Brooklyn folks know this Brooklyn folk band. The five-piece band has a deep skill-set, ranging from ukuleles to French horns. Being able to traverse any terrain in musical style, The Loom puts on an incredible performance throughout their 2011 push Teeth. It encompasses the home-grown feel a lot of artists are taking nowadays but adds such a polished feel to the do it yourself trademark that helps it transcend to a new level of accessibility. Keyboards and guitars talk and interact as naturally as the artists playing them, giving this sense of awareness and livelihood that gets lost in a lot of indie acts. There’s organic chemistry throughout and in such a deep-rooted way that it’s an astounding presence in any room. Enjoy them while you relax on your roof with a beer – the scope of the world will just make so much more sense.
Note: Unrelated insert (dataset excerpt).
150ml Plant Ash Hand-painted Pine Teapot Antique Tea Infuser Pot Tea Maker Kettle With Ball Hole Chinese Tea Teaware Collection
Abel Tesfaye is a silent assassin in the music industry right now. Under the stage-name The Weeknd, his debut House of Balloons (which was only back in March of 2011) took his status amongst fans to a whole new level as he garnered critical acclaim for his sultry, R&duB sound. From there, he self-released two more mixtapes (Thursday & Echoes of Silence) and the Canadian killed it. Beautifully structured and seductive to boot, song after song brings you in, slows the world down, and makes you feel the “high from drugs & life” he’s prone to sing about. This music is sexy and knows it but doesn’t need to say it a thousand times. All I need to say is the kid does M.J.’s “Dirty Diana” justice. The Weeknd walks this great pop/hip hop/indie tightrope and it’s a splendid act to witness. Sample some of his work belowfrom the Polaris Music Prize nominee and understand what’s been missing from your iTunes library – since all of his albums are available for download FREE at his website: the-weeknd.com
Willis Earl Beal
Chicago native Willis Earl Beal is a lo-fi musician who will immediately draw comparisons to Daniel Johnston. The two do share a common thread in that the music is self-produced and home recordings. However, his depth is yet to be tested so we shouldn’t pigeonhole the man just yet. There are moments of Bright Eyes and Devendra Banhart in his debut Acousmatic Sorcery. With lines like “I’m still disillusioned and cool catatonic/Always in a daze without smoking that chronic,” Willis is able to hit home relatively quickly with a caustic sense of sad, self-worth. His voice melts against his simple picking of the six-string and it’s arresting. Be sure you’re ready for this because his songs cut like a bullet and leave you open to the elements.
So here’s to good weather and good tunes, hoping you bring in spring the way we are – new and with a sense of refreshment. The featured artists above are like you opening the living room window for the first time in months. Enjoy that breeze and relax in the sound because spring is here and we got nothing but warm times ahead.